• _Task goal_
Supply the number of lines below containing "Home", nothing else.

• _Excerpted records_
----

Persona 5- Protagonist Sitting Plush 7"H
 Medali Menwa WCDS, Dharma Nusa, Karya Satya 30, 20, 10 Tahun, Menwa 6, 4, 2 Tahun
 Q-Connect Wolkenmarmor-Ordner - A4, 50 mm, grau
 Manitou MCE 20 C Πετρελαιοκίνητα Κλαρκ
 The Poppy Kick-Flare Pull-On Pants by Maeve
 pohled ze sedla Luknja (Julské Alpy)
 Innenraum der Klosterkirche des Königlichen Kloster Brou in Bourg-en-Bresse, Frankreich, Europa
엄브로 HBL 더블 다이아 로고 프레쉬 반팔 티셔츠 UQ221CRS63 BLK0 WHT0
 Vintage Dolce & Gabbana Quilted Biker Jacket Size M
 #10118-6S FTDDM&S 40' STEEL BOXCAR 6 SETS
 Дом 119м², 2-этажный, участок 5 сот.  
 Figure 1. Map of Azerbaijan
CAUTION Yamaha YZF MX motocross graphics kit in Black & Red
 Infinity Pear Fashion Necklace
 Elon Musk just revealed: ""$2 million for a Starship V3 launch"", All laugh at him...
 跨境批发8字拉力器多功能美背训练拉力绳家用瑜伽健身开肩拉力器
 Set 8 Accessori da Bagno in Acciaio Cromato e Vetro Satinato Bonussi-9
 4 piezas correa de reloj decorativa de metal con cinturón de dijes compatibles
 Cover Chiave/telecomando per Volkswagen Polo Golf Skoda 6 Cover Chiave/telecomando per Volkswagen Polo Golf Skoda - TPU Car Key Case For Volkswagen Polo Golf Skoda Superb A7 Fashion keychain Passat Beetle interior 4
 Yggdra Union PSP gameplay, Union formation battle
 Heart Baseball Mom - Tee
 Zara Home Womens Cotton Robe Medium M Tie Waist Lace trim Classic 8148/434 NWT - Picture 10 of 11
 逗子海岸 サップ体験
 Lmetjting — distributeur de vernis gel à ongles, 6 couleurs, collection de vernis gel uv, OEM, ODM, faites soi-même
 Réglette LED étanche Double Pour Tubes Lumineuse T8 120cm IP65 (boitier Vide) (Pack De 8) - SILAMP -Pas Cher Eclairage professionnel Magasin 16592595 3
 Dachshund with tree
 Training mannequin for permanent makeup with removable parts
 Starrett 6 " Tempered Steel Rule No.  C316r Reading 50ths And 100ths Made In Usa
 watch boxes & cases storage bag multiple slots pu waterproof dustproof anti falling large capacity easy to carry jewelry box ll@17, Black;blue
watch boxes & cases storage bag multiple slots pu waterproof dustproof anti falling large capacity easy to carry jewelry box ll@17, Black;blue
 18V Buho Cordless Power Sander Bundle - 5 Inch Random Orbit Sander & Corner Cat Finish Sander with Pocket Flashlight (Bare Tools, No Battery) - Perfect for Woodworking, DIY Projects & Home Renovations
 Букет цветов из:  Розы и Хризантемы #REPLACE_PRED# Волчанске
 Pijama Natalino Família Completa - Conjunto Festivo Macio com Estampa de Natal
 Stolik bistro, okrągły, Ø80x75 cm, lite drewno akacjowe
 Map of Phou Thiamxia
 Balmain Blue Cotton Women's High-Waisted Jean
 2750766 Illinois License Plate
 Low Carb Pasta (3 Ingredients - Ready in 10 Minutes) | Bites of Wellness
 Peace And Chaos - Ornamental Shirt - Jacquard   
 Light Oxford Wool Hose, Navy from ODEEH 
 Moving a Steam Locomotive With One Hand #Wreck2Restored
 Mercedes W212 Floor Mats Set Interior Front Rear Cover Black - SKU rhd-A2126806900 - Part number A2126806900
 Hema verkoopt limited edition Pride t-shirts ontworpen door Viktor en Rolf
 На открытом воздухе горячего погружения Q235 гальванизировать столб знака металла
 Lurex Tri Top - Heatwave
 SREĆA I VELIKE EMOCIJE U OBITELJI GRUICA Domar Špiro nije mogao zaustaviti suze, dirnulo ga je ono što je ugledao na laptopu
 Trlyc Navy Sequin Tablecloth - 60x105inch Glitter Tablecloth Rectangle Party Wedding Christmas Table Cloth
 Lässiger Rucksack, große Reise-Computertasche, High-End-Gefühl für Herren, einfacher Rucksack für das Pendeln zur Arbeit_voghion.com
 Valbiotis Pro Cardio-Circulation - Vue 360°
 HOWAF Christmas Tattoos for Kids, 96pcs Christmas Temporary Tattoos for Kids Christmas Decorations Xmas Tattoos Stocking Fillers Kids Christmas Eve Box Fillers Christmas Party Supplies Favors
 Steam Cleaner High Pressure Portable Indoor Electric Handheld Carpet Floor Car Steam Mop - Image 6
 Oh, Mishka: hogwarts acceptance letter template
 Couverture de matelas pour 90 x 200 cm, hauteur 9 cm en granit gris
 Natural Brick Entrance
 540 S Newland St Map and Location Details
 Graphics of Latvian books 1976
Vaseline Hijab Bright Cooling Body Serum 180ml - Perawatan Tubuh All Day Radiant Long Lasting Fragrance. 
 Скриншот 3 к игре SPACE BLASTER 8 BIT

----

• _Response to the exercise_
2